> Your task
The answer should be the records below, word for word, with every image left out.

> Captioned web image data
_ _ _ _ _
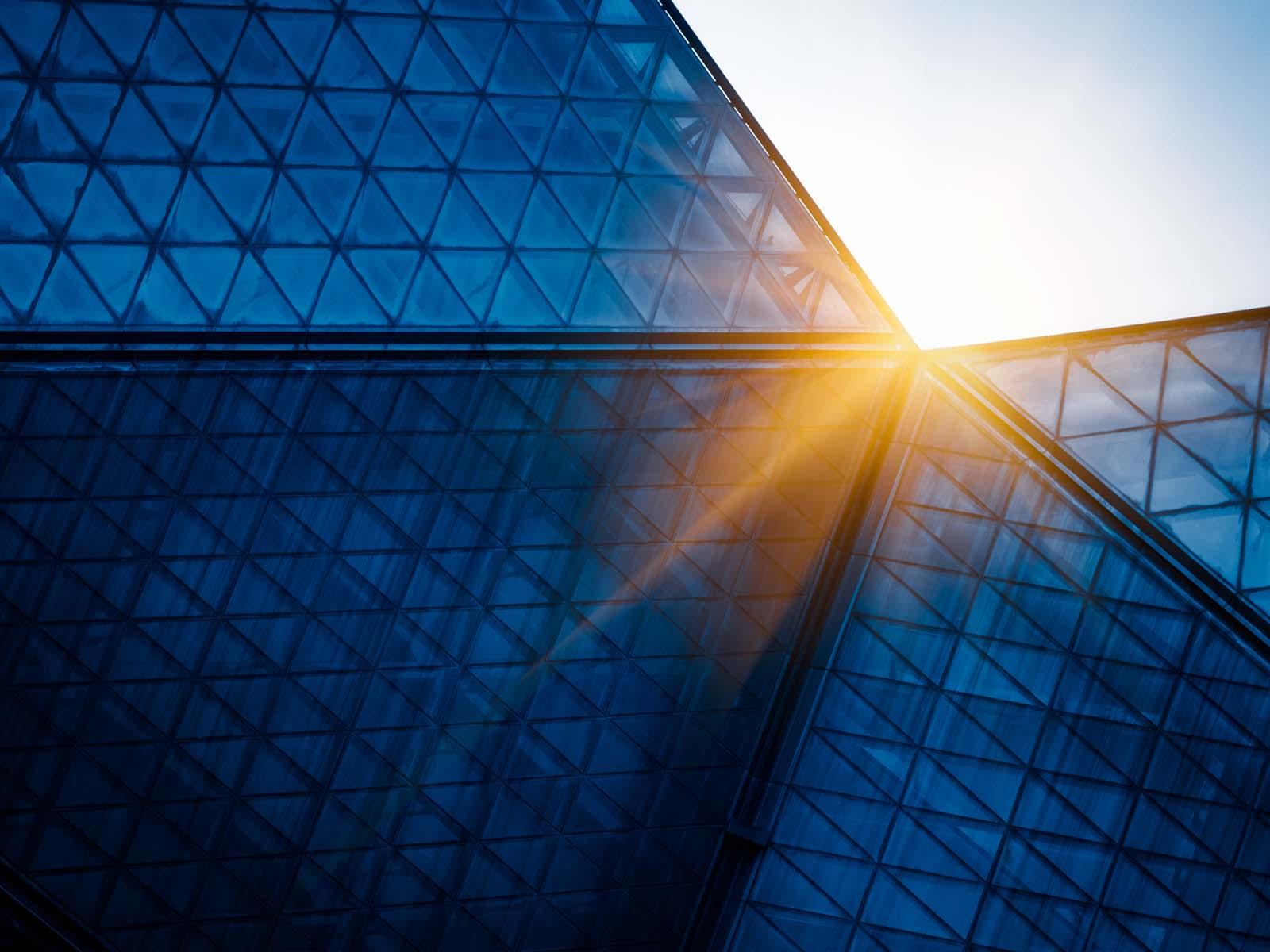 Sun setting over modern building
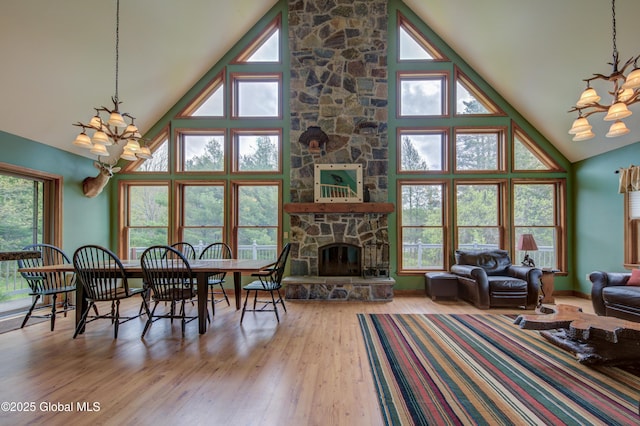 324 County Highway 112, Bleecker, NY 12078 - living room featuring a chandelier, high vaulted ceiling, wood finished floors, and a fireplace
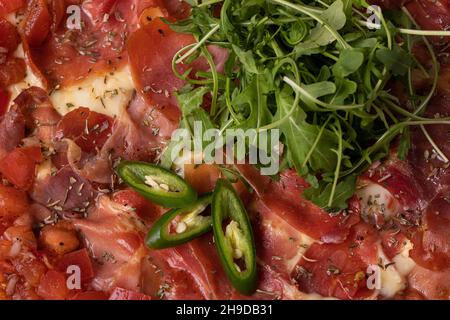 pizza au jambon avec tomates, fromage et nappée de piments verts et d'arugula Banque D'Images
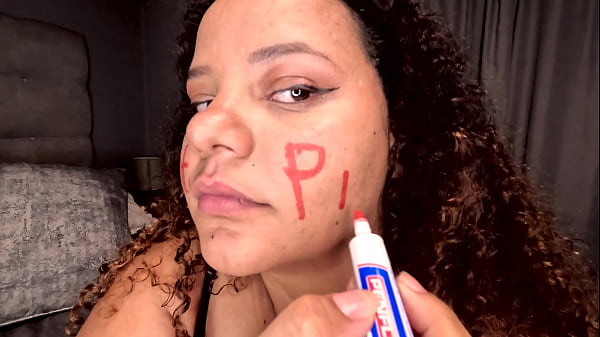 Image BBW colored girl DEEPTHROATING A dildo after writing dirty words on her whore face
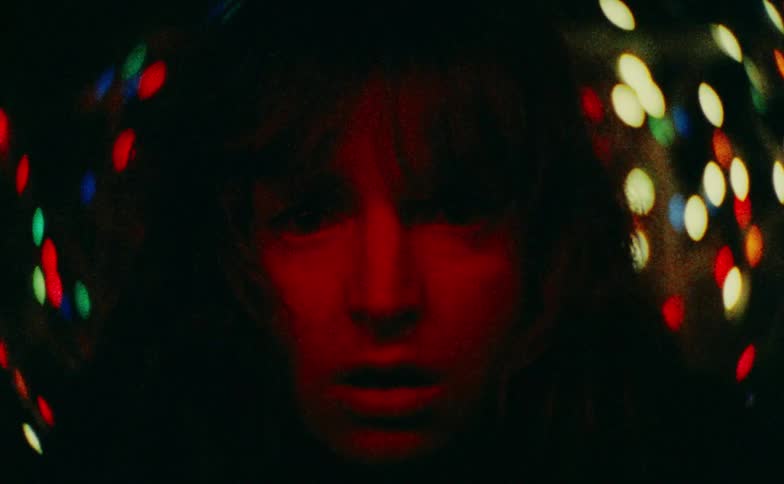 A woman with a shocked expression stares intensely forward as her face is bathed in a deep red lightin the final moments her mouth opens wide into a silent dramatic scream against a background of blurred colorful lights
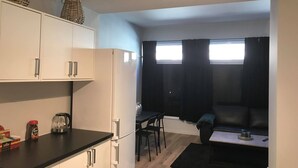 A compact kitchen with white cabinets, a black countertop, and a refrigerator. There is a dining area with a table and chairs, and a black sofa. - Notodden Sentrum Apartment NO 10 (Notodden)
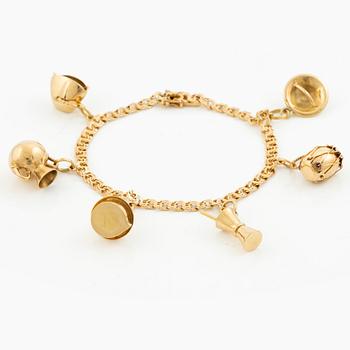 Bracelet, 18K gold bismarck link. With charms.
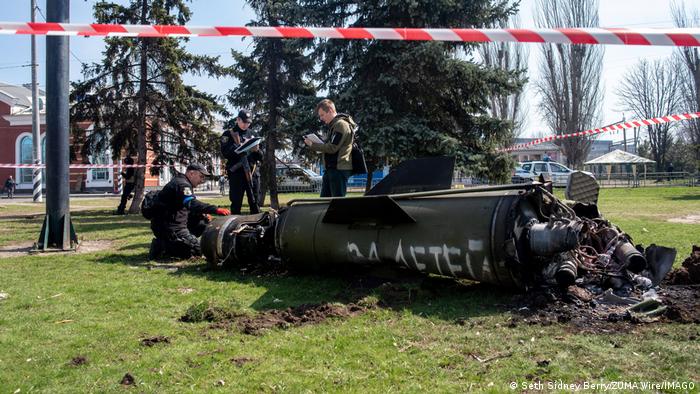 Ukrainian forces examine the Russian missile that struck the Kramatorsk train station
_ _ _ _ _
> Written solution
 Sun setting over modern building
 324 County Highway 112, Bleecker, NY 12078 - living room featuring a chandelier, high vaulted ceiling, wood finished floors, and a fireplace
 pizza au jambon avec tomates, fromage et nappée de piments verts et d'arugula Banque D'Images
 Image BBW colored girl DEEPTHROATING A dildo after writing dirty words on her whore face
 A woman with a shocked expression stares intensely forward as her face is bathed in a deep red lightin the final moments her mouth opens wide into a silent dramatic scream against a background of blurred colorful lights
 A compact kitchen with white cabinets, a black countertop, and a refrigerator. There is a dining area with a table and chairs, and a black sofa. - Notodden Sentrum Apartment NO 10 (Notodden)
 Bracelet, 18K gold bismarck link. With charms.
 Ukrainian forces examine the Russian missile that struck the Kramatorsk train station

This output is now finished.